Hofmiller’s visits begin through embarrassment, but they continue through pity for Edith, whose housebound life he hopes to brighten up. And his motives aren’t entirely altruistic, for his actions give him a warming sense of his own significance: ‘It is never until one realizes that one means something to others than one feels there is any point or purpose in one’s own existence.’ And so the visits continue, Hofmiller learning to tackle Edith’s frustration and shifting moods, and falling into the comfortable notion of having an adoptive family. But, presently, it becomes clear that he has desperately misread the situation. For, where he intends friendship, Edith has inferred something else. And, where Hofmiller looks on the Kekesfalvas as a surrogate family, Edith and her father have high hopes that they will soon become family in a more official sense.
The book is a slow-burner, told from Hofmiller’s perspective and allowing you to see – even while he remains oblivious – how his actions raise Edith’s hopes. The whole thing feels so plausible, so painfully real, because Hofmiller is far from being a noble hero – yet nor is he a villain. He’s simply a well-meaning, self-centred, ambitious young man, eager for the respect of his fellow officers and keen to taste a bit of the high life. Edith is equally complex: she isn’t the wilting innocent invalid of Victorian fiction but a passionate, frustrated and susceptible young woman, who has lost her legs but not the ability to feel desire or indignation or anger at her predicament. She sometimes comes across as unstable, when seen through Hofmiller’s eyes, but I can’t help feeling that Zweig has captured the fury that we would all feel in a similar position. It’s because these two characters are so convincing that the story hits so deeply.

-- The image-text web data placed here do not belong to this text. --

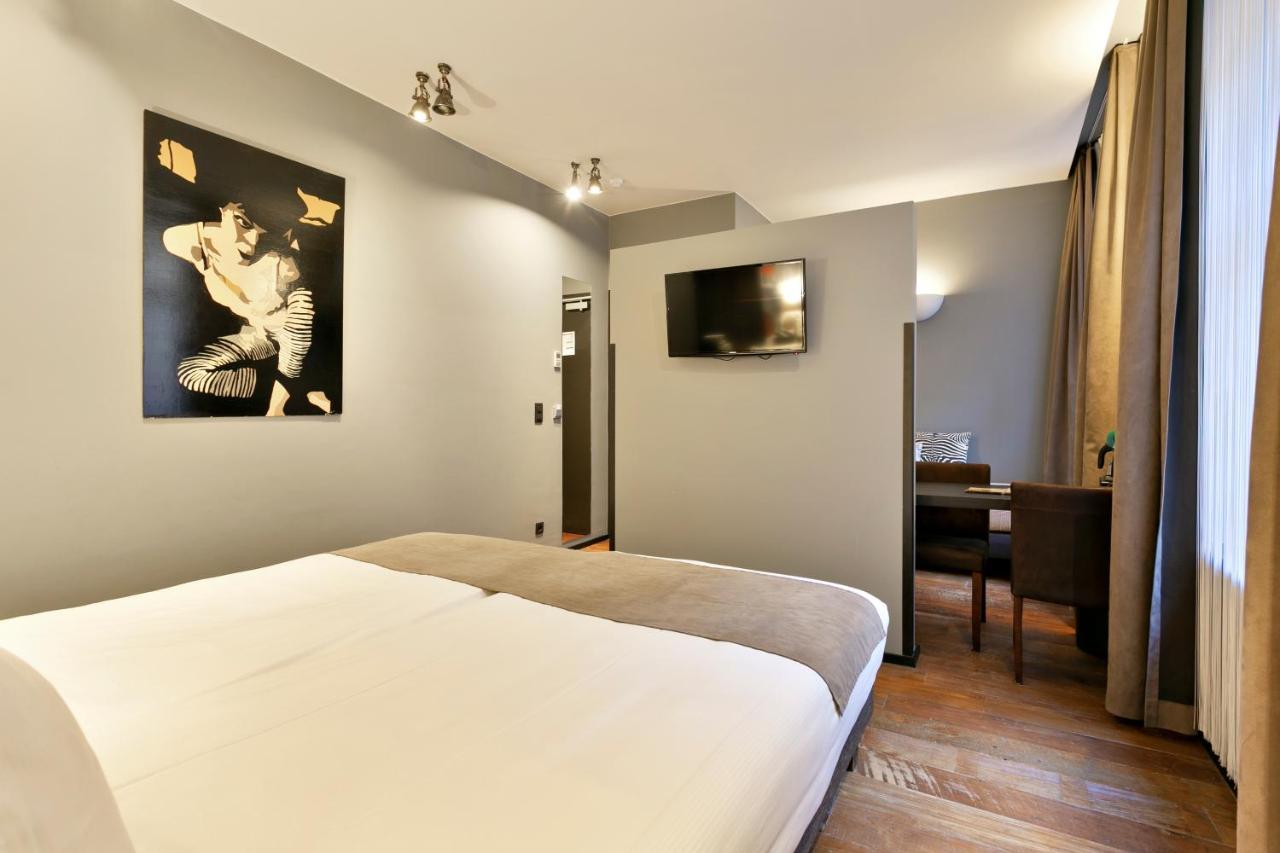 Boutique Hotel Saint-Gery Brussel Bagian luar foto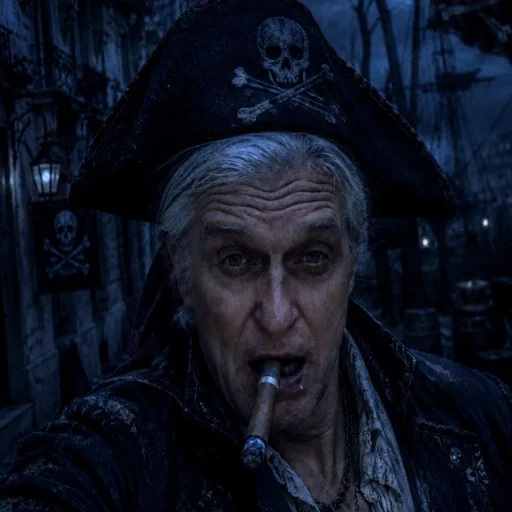 Стикер 🏴‍☠️ из набора - слушай с нами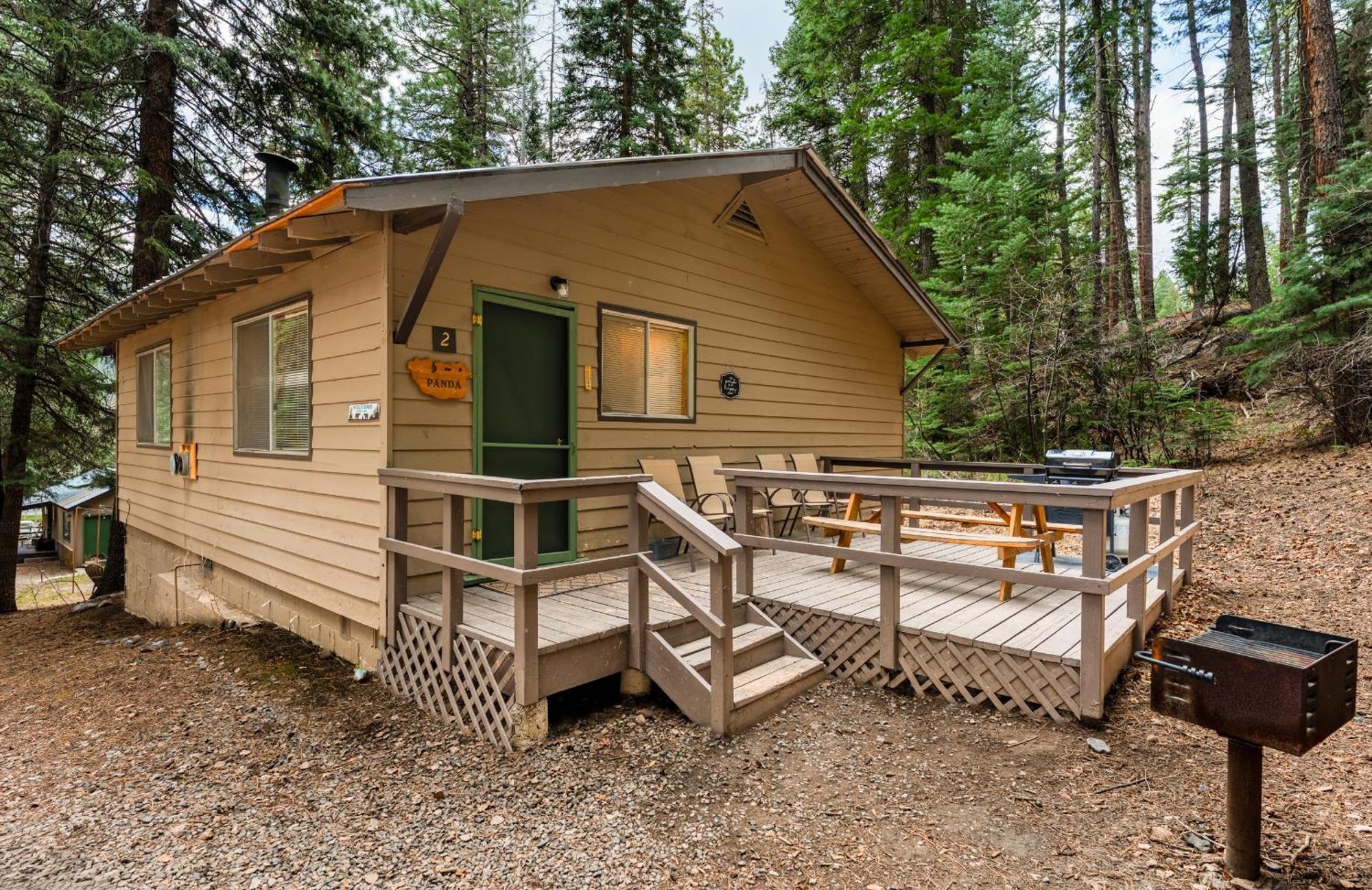 Bear Paw Lodge & Vacation Homes Vallecito Dış mekan fotoğraf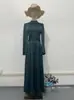 Amazon Europa y América 2024 Primavera Nueva Correa Color Sólido Satín Estilo Princesa Cintura Ceñida Vestido Delgado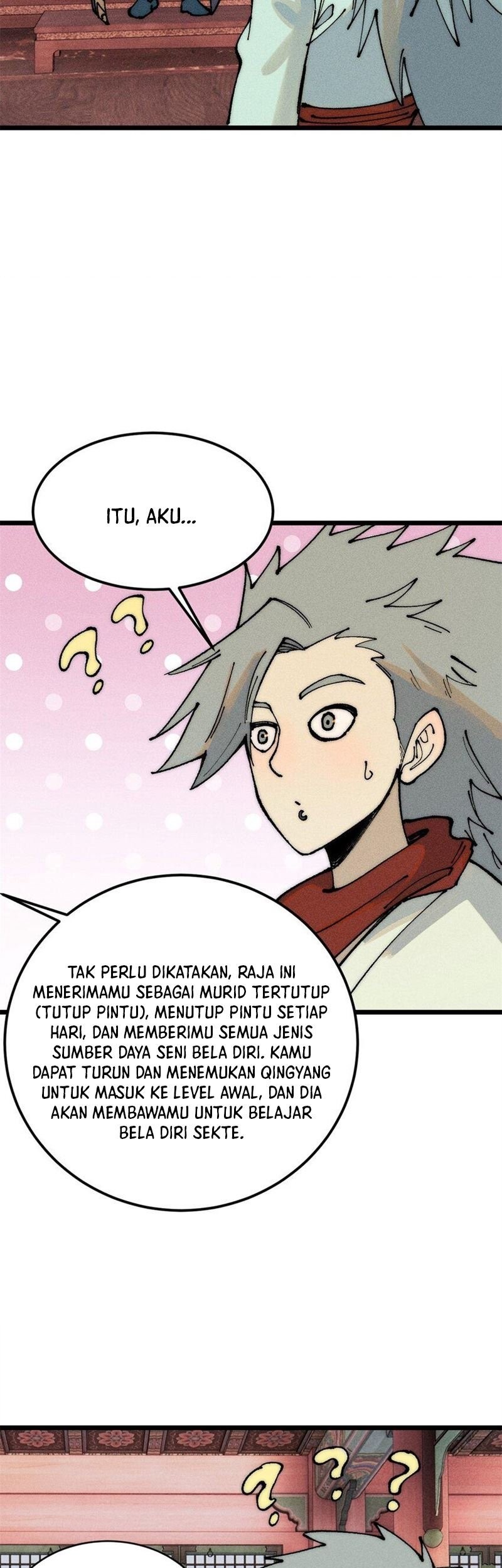 All Hail the Sect Leader Chapter 247 Gambar 18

And Zweig is also excellent at suggesting the various social bonds, which each exert their own obligations and demands. Hofmiller is a cavalry officer which means he must abide by certain rules even in private life, so as not to dishonour his regiment; he is a young man of modest fortune, eager to stay on the right side of his superiors; he hopes to win the affection of Herr von Kekesfalva; and his vanity is flattered by the attention of the girls. When his different obligations begin pulling him in different directions, Hofmiller has to decide whether to keep Edith happy in the short run, or to break her heart in the long run – a choice that will stretch his courage to the utmost.
Beautiful, thoughtful and heartbreaking in equal measure, this book deals with timeless questions about duty and compassion – while also giving an elegiac picture of life on the brink of the First World War. I didn’t always feel that Zweig is quite as successful a novelist as he is an essayist, but he understands people, their strengths and their flaws, in a way that is quite remarkable. Certainly recommended to those who fancy something lethargic and poignant, but be warned: this certainly isn’t an upbeat story. A quick note on the translation: my 2006 Pushkin edition has the 1982 translation by Phyllis and Trevor Blewitt, but the most recent (post-2011) editions from the same publisher use a new translation by Anthea Bell. I’ve scan-read her introduction and can’t see too much difference, but it might be interesting to compare the two translations properly at some point. It seems to me that more recent translations are often livelier and even more engaging, so perhaps in its new form the novel is even more of a treat.